Durso’s column missed crucial points about Seneca Meadows Landfill revenue for Seneca Falls
– By Andy Moss, Chair, Responsible Solutions New York
The column, however, only told part of the story when it noted using reserves to backfill lost Host Community Agreement funds if Seneca Meadows were to close. This missing part is much less simple for taxpayers. At some point, reserves run out and taxes must be raised. This dim future only comes to fruition if Doug Avery and Dave DeLelys’ are successful in their scheme to reject more than three million dollars in critical annual revenue Seneca Meadows provides to the town. Disastrous tax hikes and dramatic cuts in services are sure to follow.
Just today, FL1’s Peter Mantius quoted Supervisor Ferrara that “Property taxes ‘for sure’ will rise over the next five years ‘unless spending is greatly reduced…I mean cutting positions that will affect health and safety issues like police protection and water/sewer.”

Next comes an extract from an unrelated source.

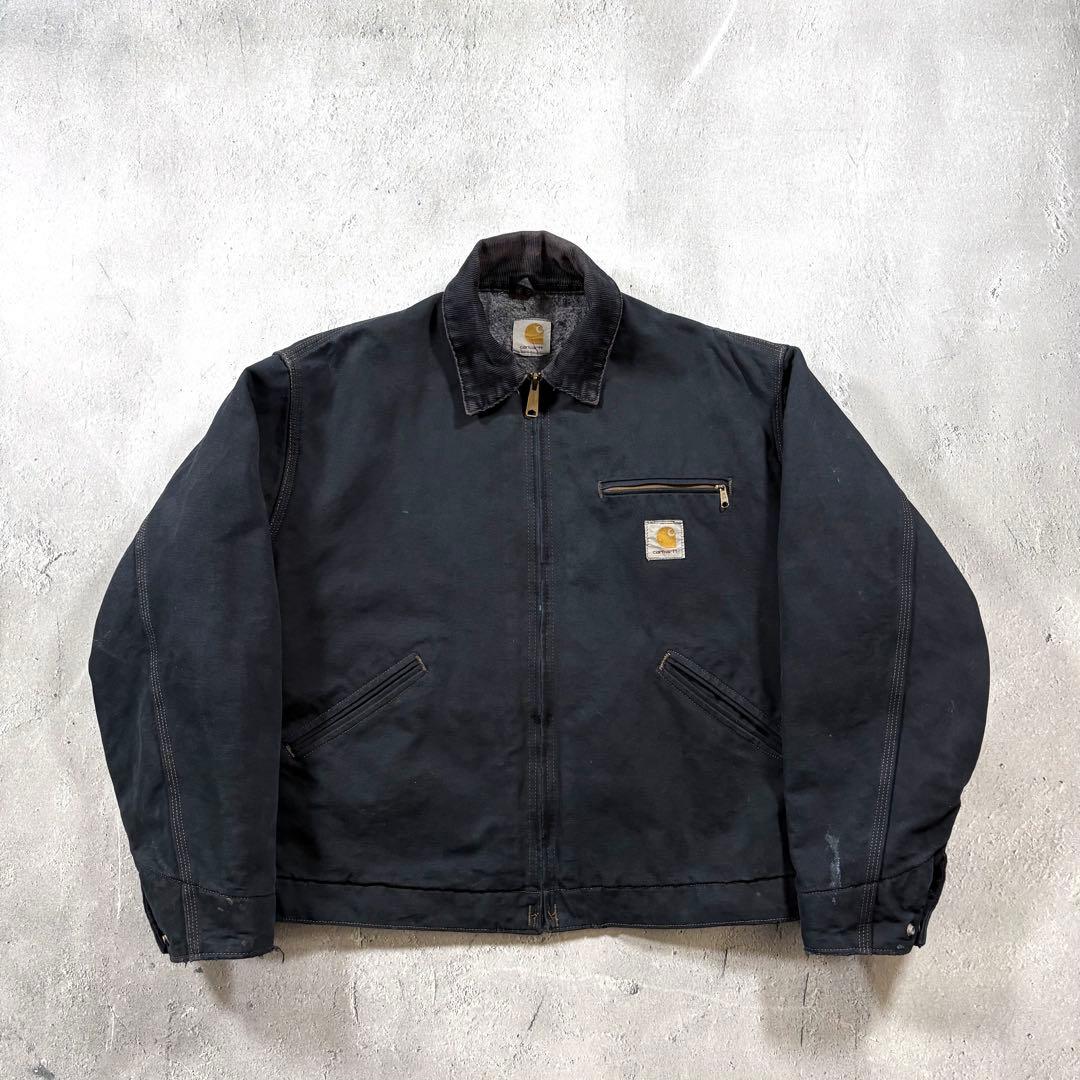 ジャケット・アウター Carhartt Detroit Jacket Black Over Dye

The Center for Governmental Research recently assessed the economic impact of Seneca Meadows and concluded that Seneca Falls property taxes could skyrocket as much as 74 percent. With growing price inflation, can Seneca Falls’ homeowners afford this reckless financial approach?
The holiday season is right around the corner. Inflation and supply chain issues are wreaking havoc with our economy at a national and local level. Taxpayers need to finally ask the question, ‘Who is looking out for us?” They will find Kaitlyn Laskoski and Frank Sinicropi are ready, willing, and able to hold the line on taxes and spending and bring a desperately needed common sense style of leadership to the Town Board.